__DATA UNDER STUDY__
=-=-=
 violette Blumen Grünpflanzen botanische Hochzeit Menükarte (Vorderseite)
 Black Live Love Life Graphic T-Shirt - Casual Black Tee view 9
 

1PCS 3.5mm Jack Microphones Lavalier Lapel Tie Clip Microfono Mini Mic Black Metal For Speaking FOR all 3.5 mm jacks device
=-=-=
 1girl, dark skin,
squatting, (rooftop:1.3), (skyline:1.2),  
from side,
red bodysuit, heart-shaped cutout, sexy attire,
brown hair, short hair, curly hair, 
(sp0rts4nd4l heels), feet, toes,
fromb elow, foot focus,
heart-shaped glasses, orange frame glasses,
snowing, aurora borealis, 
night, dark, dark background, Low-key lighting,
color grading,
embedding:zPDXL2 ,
=-=-=
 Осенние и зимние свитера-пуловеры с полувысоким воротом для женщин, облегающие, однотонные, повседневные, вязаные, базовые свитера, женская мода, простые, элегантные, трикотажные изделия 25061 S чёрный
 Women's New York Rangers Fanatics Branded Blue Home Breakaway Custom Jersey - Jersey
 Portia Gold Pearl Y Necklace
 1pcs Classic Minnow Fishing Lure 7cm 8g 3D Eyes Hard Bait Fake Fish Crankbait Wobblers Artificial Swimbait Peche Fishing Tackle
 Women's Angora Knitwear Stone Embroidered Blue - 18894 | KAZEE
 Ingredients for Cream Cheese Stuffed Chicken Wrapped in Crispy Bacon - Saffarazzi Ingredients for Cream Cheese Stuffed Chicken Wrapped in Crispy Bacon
=-=-=
__PROBLEM REQUIREMENTS__
Give only the lines from the one holding "Осенние и зимние" through the one holding "Bacon - Saffarazzi", each restated exactly as it appears above.

__WRITTEN ANSWER__
 Осенние и зимние свитера-пуловеры с полувысоким воротом для женщин, облегающие, однотонные, повседневные, вязаные, базовые свитера, женская мода, простые, элегантные, трикотажные изделия 25061 S чёрный
 Women's New York Rangers Fanatics Branded Blue Home Breakaway Custom Jersey - Jersey
 Portia Gold Pearl Y Necklace
 1pcs Classic Minnow Fishing Lure 7cm 8g 3D Eyes Hard Bait Fake Fish Crankbait Wobblers Artificial Swimbait Peche Fishing Tackle
 Women's Angora Knitwear Stone Embroidered Blue - 18894 | KAZEE
 Ingredients for Cream Cheese Stuffed Chicken Wrapped in Crispy Bacon - Saffarazzi Ingredients for Cream Cheese Stuffed Chicken Wrapped in Crispy Bacon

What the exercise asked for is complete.